Septième dimanche dans l'année C - 2000/2001

Retour

Le sage chinois Confucius disait déjà 500 ans ACN : « Ce qu’on ne désire pas pour soi, ne pas le faire à autrui. » Le philosophe grec Zénon le rejoignait 200 ans plus tard par cet adage : « Ce que tu ne veux pas qu’on te fasse, ne le fais à personne d’autre. » La tradition juive connaît le rabbi Hillel avec sa maxime célèbre : « Ce que tu n’aimes pas, ne le fais pas à ton prochain : c’est cela qu’est toute la Torah et le reste n’est qu’explication. »

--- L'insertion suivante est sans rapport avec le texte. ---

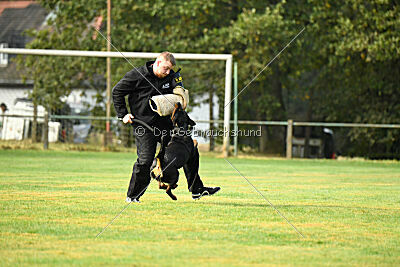 Yakima vom Hause Neubrand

Jésus, lui, va beaucoup plus loin que les recommandations négatives de ces maîtres anciens. Aimer, pour lui, ce n’est pas seulement s’abstenir de faire du tort, c’est répondre au mal par le bien. Aimer, c’est dire et faire du bien, gratuitement, sans rien attendre de retour, à nos « ennemis. » Jésus nous demande d’aimer ceux qui nous critiquent et disent du mal de nous, ceux qui nous agacent et ne sont pas d’accord avec nous, ceux qui nous contrarient par toute leur manière de s’habiller, de penser, de se coiffer, que sais-je encore. Nous avons tous des antipathies, des rancœurs, des raisons de nous mettre en colère. Nous sommes victimes de malveillances, de jugements et de calomnies. Quelles sont nos réactions ? La solution évangélique est très claire : répondre à tout cela par le bien : le service encore offert, la prière sereine pour ceux-là qui nous ont blessés, la main tendue, le premier pas à commencer…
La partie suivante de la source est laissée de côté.